California AB-5 and How it Affects the Owner-Operator
On September 19th, 2019, the governor of the most populous state in the country signed Assembly Bill No. 5 into law. It went into effect at the beginning of 2020 but has since been blocked by a federal judge as of January 16th. While originally intended to prevent worker exploitation in the new “gig economy”, its wording can have results beyond the gig economy into the world of trucking.
What is Assembly Bill 5?
It is illegal to misclassify employees as independent contractors in an attempt to save money on various payments such as social security and disability insurance.
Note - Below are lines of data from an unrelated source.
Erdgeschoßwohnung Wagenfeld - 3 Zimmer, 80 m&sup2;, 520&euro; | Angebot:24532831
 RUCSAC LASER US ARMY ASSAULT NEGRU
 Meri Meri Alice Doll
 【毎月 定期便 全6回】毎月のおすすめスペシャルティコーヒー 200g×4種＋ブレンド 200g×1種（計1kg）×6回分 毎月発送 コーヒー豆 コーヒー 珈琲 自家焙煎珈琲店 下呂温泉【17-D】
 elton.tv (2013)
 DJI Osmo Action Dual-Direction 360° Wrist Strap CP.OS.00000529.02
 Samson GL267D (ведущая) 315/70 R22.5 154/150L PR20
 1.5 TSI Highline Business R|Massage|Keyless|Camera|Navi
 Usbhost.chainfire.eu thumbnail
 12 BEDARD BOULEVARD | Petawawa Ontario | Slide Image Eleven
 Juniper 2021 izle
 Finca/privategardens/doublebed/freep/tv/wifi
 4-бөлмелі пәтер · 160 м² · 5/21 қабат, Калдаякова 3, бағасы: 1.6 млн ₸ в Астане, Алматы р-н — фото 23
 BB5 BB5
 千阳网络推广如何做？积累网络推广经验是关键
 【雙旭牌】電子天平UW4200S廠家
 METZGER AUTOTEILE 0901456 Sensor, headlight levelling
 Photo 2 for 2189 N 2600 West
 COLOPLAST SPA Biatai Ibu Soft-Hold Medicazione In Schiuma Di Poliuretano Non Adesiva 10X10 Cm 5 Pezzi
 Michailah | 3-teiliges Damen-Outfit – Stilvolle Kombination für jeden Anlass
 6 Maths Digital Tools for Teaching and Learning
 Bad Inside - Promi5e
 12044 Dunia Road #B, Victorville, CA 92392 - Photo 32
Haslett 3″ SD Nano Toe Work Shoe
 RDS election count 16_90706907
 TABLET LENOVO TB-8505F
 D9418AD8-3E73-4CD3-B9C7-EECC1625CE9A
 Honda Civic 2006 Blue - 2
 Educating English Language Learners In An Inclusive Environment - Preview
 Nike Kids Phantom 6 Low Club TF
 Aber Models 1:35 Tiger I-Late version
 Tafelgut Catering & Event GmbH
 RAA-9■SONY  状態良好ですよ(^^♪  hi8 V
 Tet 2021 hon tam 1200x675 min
Assembly Bill 5 expands upon the definition of an independent contractor versus employee by asking three questions, otherwise known as the ABC test:
- Is the person hired given extensive freedom in how about they go accomplishing the task?
- Is the work performed done outside of the hiring company’s normal business operations?
- Is the person hired a member of an established business for the line of work they are doing?
If all three of these questions are answered as yes, then the person is an independent contractor. If the answer to even one question is no, then they are to be classified as an employee.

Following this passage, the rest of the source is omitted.